Gracias a los filósofos la historia adquiere diversas tonalidades. Como si se tratara de una partitura musical, son ellos los que marcan el movimiento y la clave, los que van intercalando silencios, cambios de ritmo y segundas voces. Gracias a la filosofía, la historia se hace interesante, como cuando un personaje pintoresco irrumpe en una tertulia, un postre sorprendente en el menú diario o un amigo inesperado viene a visitarnos. Gracias a la osadía del pensamiento, podemos disfrutar siguiendo los pasos de los protagonistas de una historia apasionante, si pudiera decirse así, una historia de «narices tomar».

Este libro va de narices. Pero no por ello pretendo inventariar y analizar las napias de todos los filósofos para convertirme en un segundo Lavater, ni ensayar un tratado de absurda «rinosofía», no busco la esencia de la nasalidad, ni la existencia de un mundo «supranasal», ni siquiera intento hallar la clave de la filosofía mediante una arcana «nasomancia» de la que yo fuera el único agorero. Simplemente se trata de mera curiosidad, de querer averiguar cómo y en qué medida esos narigantes prosélitos de la filosofía metieron sus narices aquí y allá.

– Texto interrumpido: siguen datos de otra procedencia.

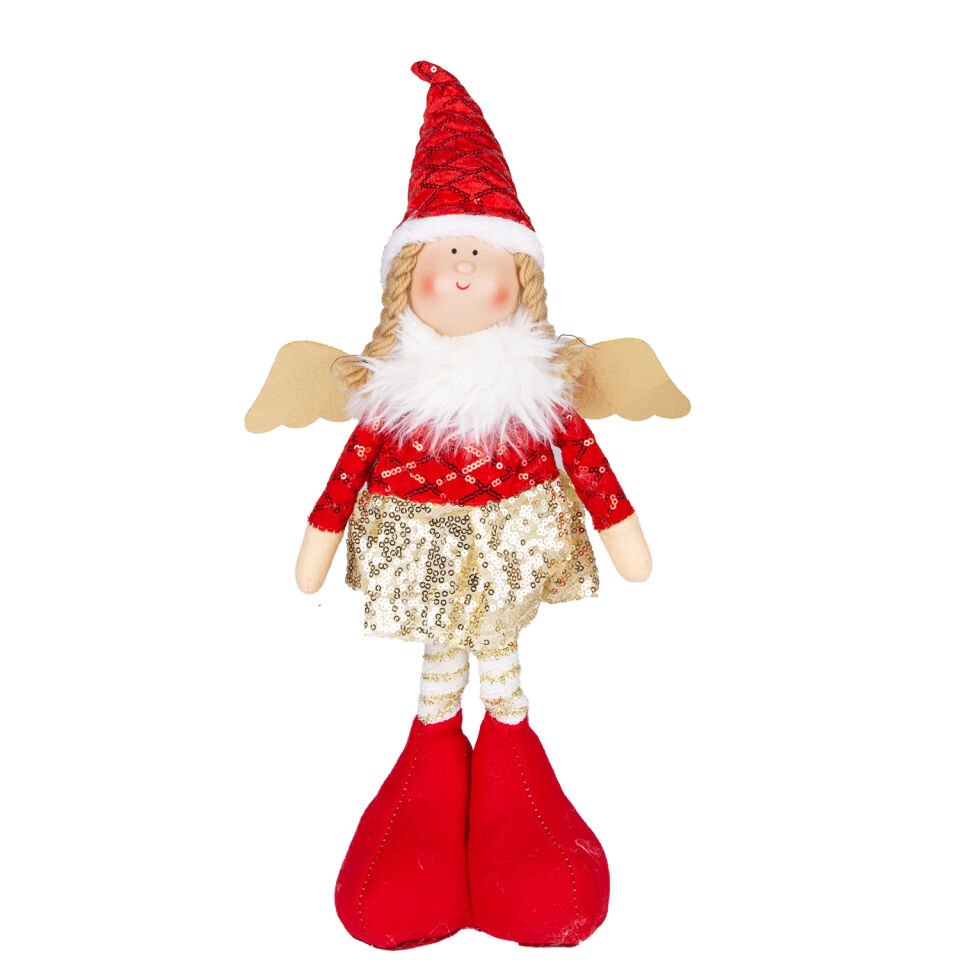 Yılbaşı Süsü, Ayakta Kanatlı Peri Figürü, Kırmızı - Gold Etekli, 17x44 cm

Que nadie busque retorcidas pretensiones, que no las hay; sólo ganas, sin más, de meter las narices.

A lo largo del libro, invito al lector a meter las narices en las obras de estos cincuenta singulares personajes que supieron mejor que nadie meter las suyas. Por eso, al final de cada capítulo sugiero que cada cual olfatee sus obras y recomiendo algunos textos para meter las narices… Leer a los grandes filósofos es la manera, la única manera, que tenemos de conversar con ellos, porque, como decía Descartes, «la lectura de todos los buenos libros es como una conversación con los mejores ingenios de los pasados siglos que los han compuesto».